Setup permissions on the Google Container Registry

Follow the instructions on “Zero to BinderHub” to setup the Google Container Registry some notes:

  • Better to create a dedicated project just for BinderHub
  • “Create key” is under “Actions”->“Manage keys”

Setup ingress with HTTPS support

On Jetstream 2 we do not have a Load Balancer service like public clouds, therefore we need to use Ingress.

First we need to setup Cert-Manager to provide HTTPS certificates via Letsencrypt.

Follow the instructions at https://zonca.dev/2020/03/setup-https-kubernetes-letsencrypt.html to install a cluster issuer

Configure the domains

BinderHub requires 2 subdomains, one for BinderHub and one for JupyterHub. For the initial testing I recommend to use Jetstream 2 provided domains, once they are working it is easy to replace them with custom domains.

Login to the Jetstream 2 Horizon instance, choose the right allocation, click on DNS, Zones, choose the Zone which starts with tg, then click on “Create Record Set”.

Create a “A” record where name is binder.tg-xxx000000.projects.jetstream-cloud.org and record is the IP of your master instance. Create a second A record with the name hub.tg-xxx000000.projects.jetstream-cloud.org and the same record.

These should be ready to be used in a few minutes.

Install BinderHub with Helm

Checkout the repository with the configuration files:

git clone https://github.com/zonca/jupyterhub-deploy-kubernetes-jetstream/

Enter the binderhub folder.

Follow the instructions on how to create just the secret.yaml file.

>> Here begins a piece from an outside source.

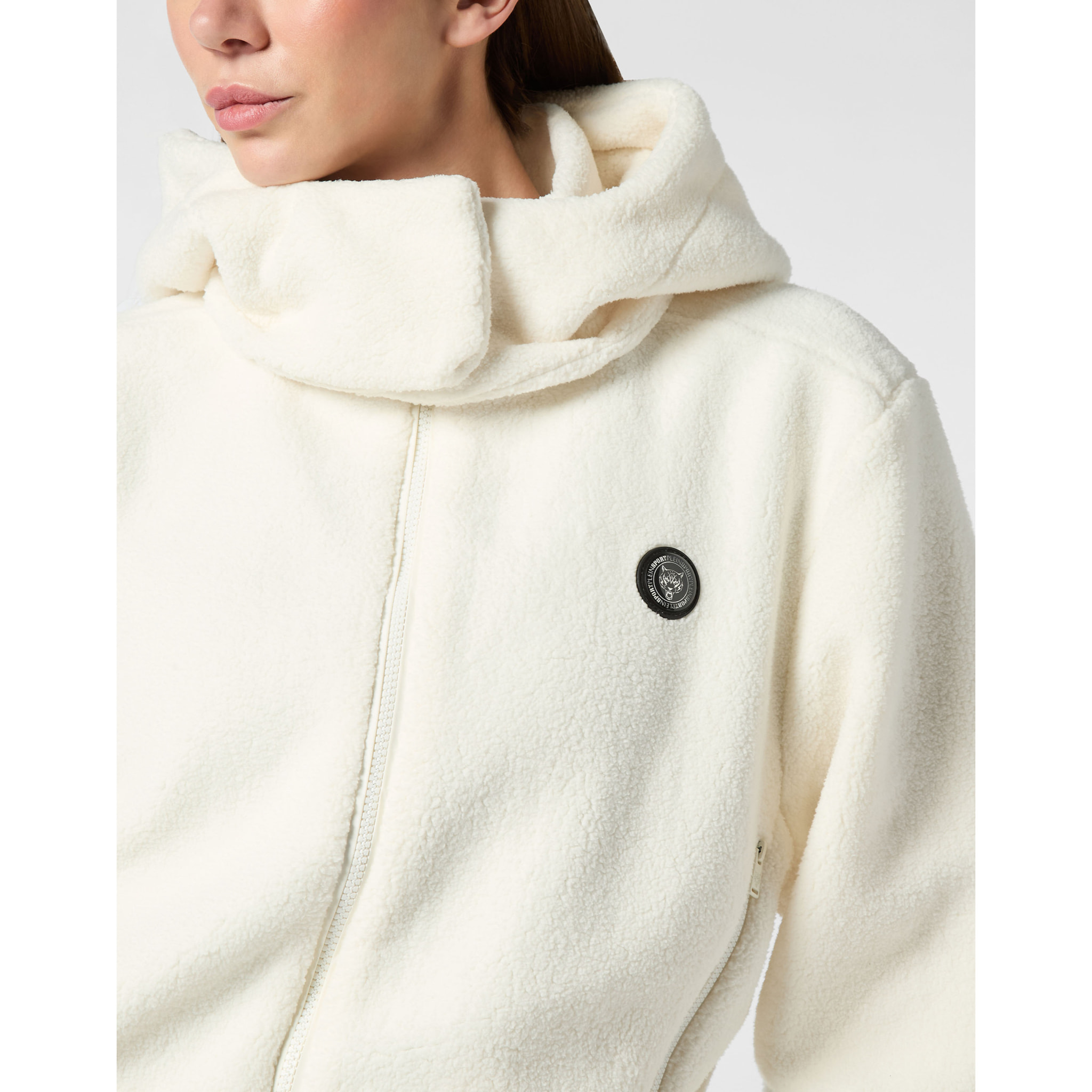 PLEIN SPORT Sudadera con cremallera y capucha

The repository provides a template named config_template.yaml to create config.yaml, this file contains all of the configuration items needed to setup the following items, see the links for the relevant documentation:

Create a file named config_vars.sh in the same folder which defines your Jetstream allocation and Google Project IDs:

export ALLOCATION=xxx000000
export GOOGLE_PROJECT=binderhub-000000

Then deploy BinderHub running:

bash install_binderhub.sh

This script first creates config.yaml (and overwrites it, so keep your changes in config_template.yaml), then deploys or updates the deploy of BinderHub via Helm.

Test the deployment

Connect to https://binder.tg-xxx000000.projects.jetstream-cloud.org, you should see the binder login page:

Binder login page

You can then test with one of the binder examples:

https://binder.tg-xxx000000.projects.jetstream-cloud.org/v2/gh/binder-examples/requirements/master

This should build the container using the Docker-in-Docker pod, push it to the registry on Google Cloud, then spawn a Jupyter Notebook instance inside JupyterHub and redirect you to https://hub.tg-xxx000000.projects.jetstream-cloud.org.